In summary, this mathematical model of TB transmission in DSCC and DNCC suggests that both ACF and PT can achieve important reductions in TB incidence over a five-year period. If these interventions are combined and targeted to those wards with the highest TB notification rates (as identified using ward-level data), the achievable reduction in incidence can approach 30% within five years. The success of these interventions is only possible if carried out in conjunction with strengthening existing diagnostic and treatment services, which would allow for appropriate diagnosis and treatment of an expanded number of individuals, without a loss in quality.

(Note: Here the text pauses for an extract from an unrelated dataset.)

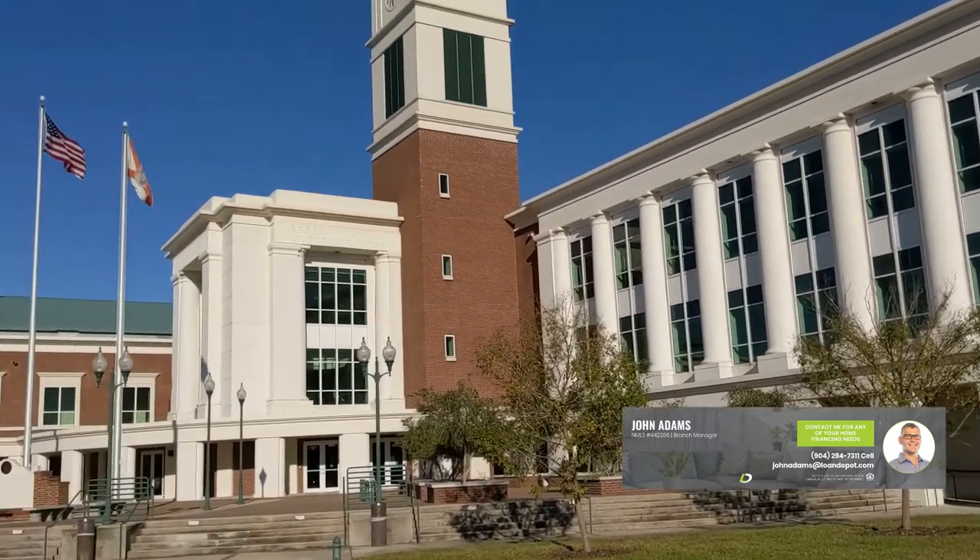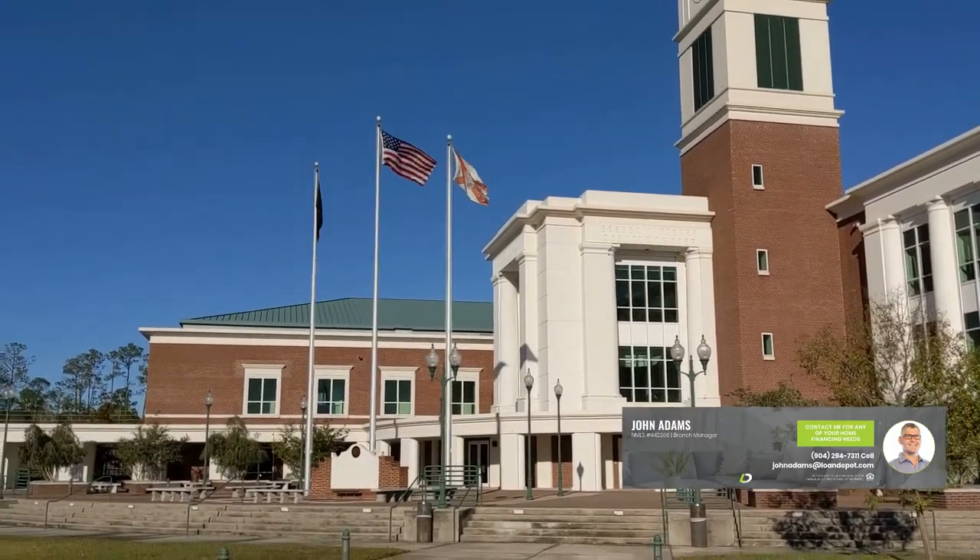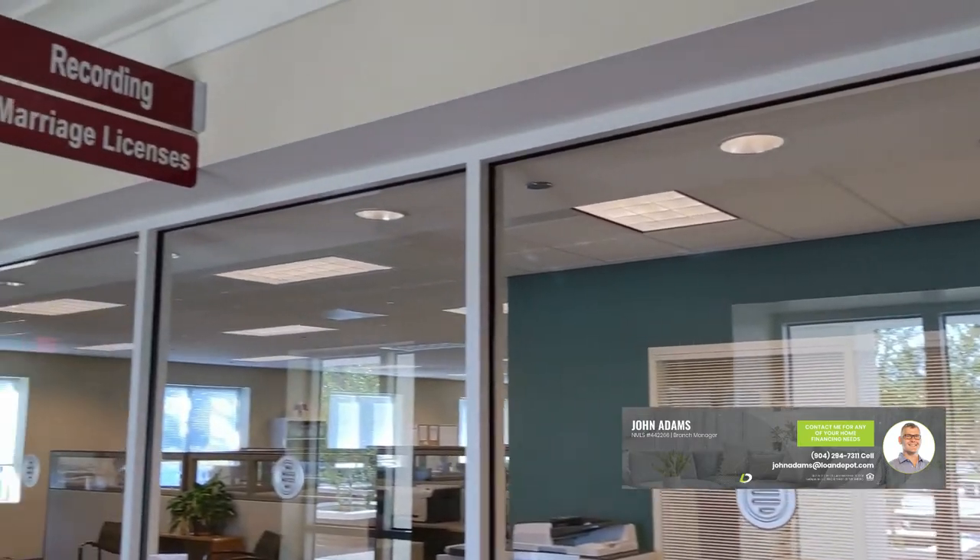Usually, manufactured homes are a little more challenging to finance than a regular stick-built single-family residence. In the state of Florida, you want to go to your county recording office. That's usually where you get marriage licenses recorded and whatnot, to show that the manufactured home is being retired. I've got my recorded deed here and retirement of title.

These findings support efforts to intensify active TB case finding and PT in Dhaka, strengthen existing TB diagnostic and treatment services and collect additional supporting data to further tailor the implementation of these interventions to those populations that are most affected by high rates of TB transmission.
Supplementary material
The supplementary material for this article can be found at https://doi.org/10.1017/S0950268821000832.
Financial support
This work was supported by the Global Health Bureau, the Office of Infectious Diseases and the US Agency for International Development, through Challenge TB [AID-OAA-A-14-00029] and by the American People through the United States Agency for International Development (USAID). The contents are the responsibility of the Johns Hopkins University (JHU) and do not necessarily reflect the view of USAID or the United States Government.
Data availability
The data that support the findings of this study are openly available in Zenodo open access repository at 10.5281/zenodo.4681050.